Glaser E M, McMullen N T
Anal Quant Cytol Histol. 1986 Jun;8(2):116-27.
Despite impressive advances in the application of computer image analysis to cytology, many of the identification tasks that cytologists are called on to perform remain refractory to automated image analysis. The major reason is that a large fraction of these images, though simple for a human to deal with, are too complex to yield to current image analysis methodologies. It may be years before automated computer image analysis is reduced to clinical practicality. Even then, it is not clear that all cytologic image analyses will prove amenable to automation. In the meantime, semiautomatic image analysis (computer-aided microscopy) can provide a viable alternative, especially to persistently difficult image analysis problems. In semiautomatic image analysis, the onerous tasks of data acquisition--e.g., stage movement, data entry and storage--are left to the computer, while the decision-making tasks-e.g., identifying a cell's morphologic class--are left to the observer. Such a system proves to be easy and flexible to use as well as economical to build. It can also provide a reliable data base for the later evaluation of fully automated systems as they are developed. One such semiautomatic system, the Image Combining Computer Microscope (ICCM), is described, and the range of its application is illustrated. Some of the examples of ICCM applications discussed are: neuronal cell plots, three-dimensional dendrite tracking, serial section reconstruction of axons and mapping of plaques and tangles in Alzheimer's disease. They illustrate how powerful a semiautomated system can be in handling complex image analysis problems. It is suggested that semiautomated image analysis provides a viable long-range alternative to many cytologic image analysis problems.

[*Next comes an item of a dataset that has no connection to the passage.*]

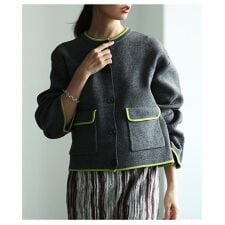 サワアラモード(sawa a la mode)の【カーディガン】 ニット レディース トップス ノーカラー 長袖 秋 冬 カジュアル 無地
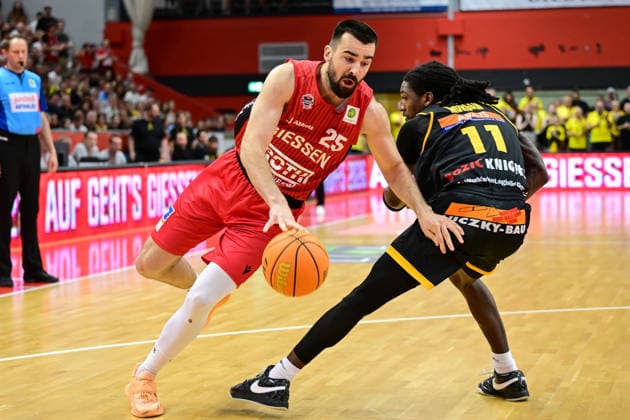 Basketball, 2. BL, ProA, Playoffs, Gießen 46ers - Knights Kirchheim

尽管计算机图像分析在细胞学应用方面取得了令人瞩目的进展,但细胞学家需要执行的许多识别任务仍难以通过自动图像分析完成。主要原因是这些图像中的很大一部分,虽然人类处理起来很简单,但对于当前的图像分析方法来说过于复杂。自动计算机图像分析可能需要数年时间才能应用于临床实际。即便如此,也不清楚所有的细胞学图像分析都能实现自动化。与此同时,半自动图像分析(计算机辅助显微镜检查)可以提供一个可行的替代方案,特别是对于一直难以解决的图像分析问题。在半自动图像分析中,繁重的数据采集任务,如载物台移动、数据录入和存储,由计算机完成,而决策任务,如识别细胞的形态类别,则由观察者完成。这样的系统使用起来简单灵活,构建成本也较低。它还可以为全自动系统开发后的后期评估提供可靠的数据库。本文描述了一种这样的半自动系统——图像组合计算机显微镜(ICCM),并说明了其应用范围。讨论的ICCM应用实例包括:神经元细胞绘图、三维树突追踪、轴突的连续切片重建以及阿尔茨海默病中斑块和缠结的映射。这些实例说明了半自动系统在处理复杂图像分析问题时的强大功能。有人认为,半自动图像分析为许多细胞学图像分析问题提供了一个可行的长期替代方案。